The LHIN is also trying to take some of the pressure off the Northeast part of its region by providing about $259,000 to establish a rural-based palliative care team.

While these are the priorities of the Central East LHIN, it does not necessarily mean that other LHINs will treat the funding in this manner.

* * *

The Central East LHIN used their “Urgent Priority Funding” to increase the volume of MRIs available in the region.  Senior Director Paul Barker pointed out that while the government was generously funding new MRI machines in the region, the actual funding for scans had gone down. The LHIN is tapping into this fund to provide $285,327 to buy 1,096 more MRI hours. Most hospitals can conduct about 1.5 scans per hour. The average wait for an MRI scan in the LHIN was 77 days as of July. One board member asked how it was Ontario hospitals could perform MRI scans for $260 an hour when they were charging $1600 for the same service in the United States. Barker pointed out that it may have something to do with the free market and profit-taking.
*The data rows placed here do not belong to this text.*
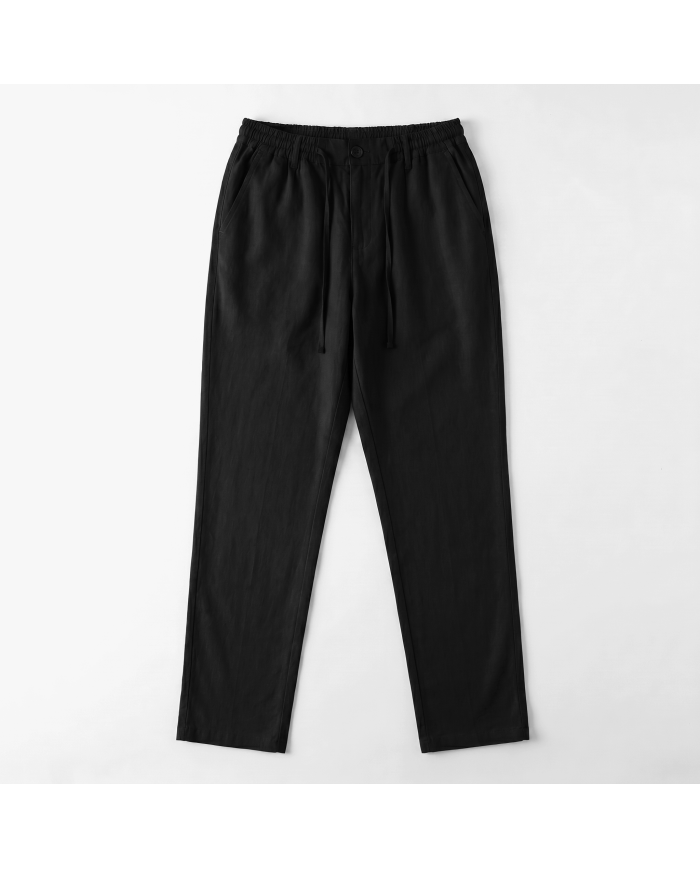Pantalon Coton-lin avec élastique et cordon : Noir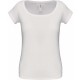 T-shirt col bateau manches courtes femme, Couleur : White (Blanc), Taille : S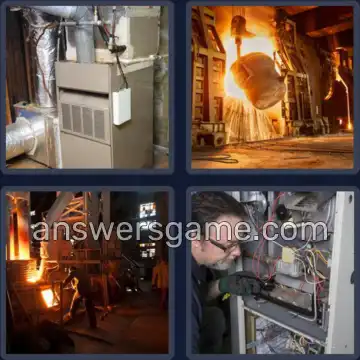 4 Pics 1 Word 7 Letters FURNACE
 As part of its planned to establish an umbrella organization to coordinate specialized geriatric services, the LHIN named the Northumberland Hills Hospital the “host agency.” A small secretariat will be set up at the hospital to work on a strategy to better deliver services to frail seniors. The immediate task will be to hire a project manager, recruit staff, establish office space and work on governance issues. The LHIN had found service providers, seniors and their families were largely unaware of what services were available in the LHIN. 2,100 seniors account for a third of all acute spending on seniors in the LHIN.  By focusing on the needs of this population, it could have a substantial impact on the overall use of acute care services in the LHIN.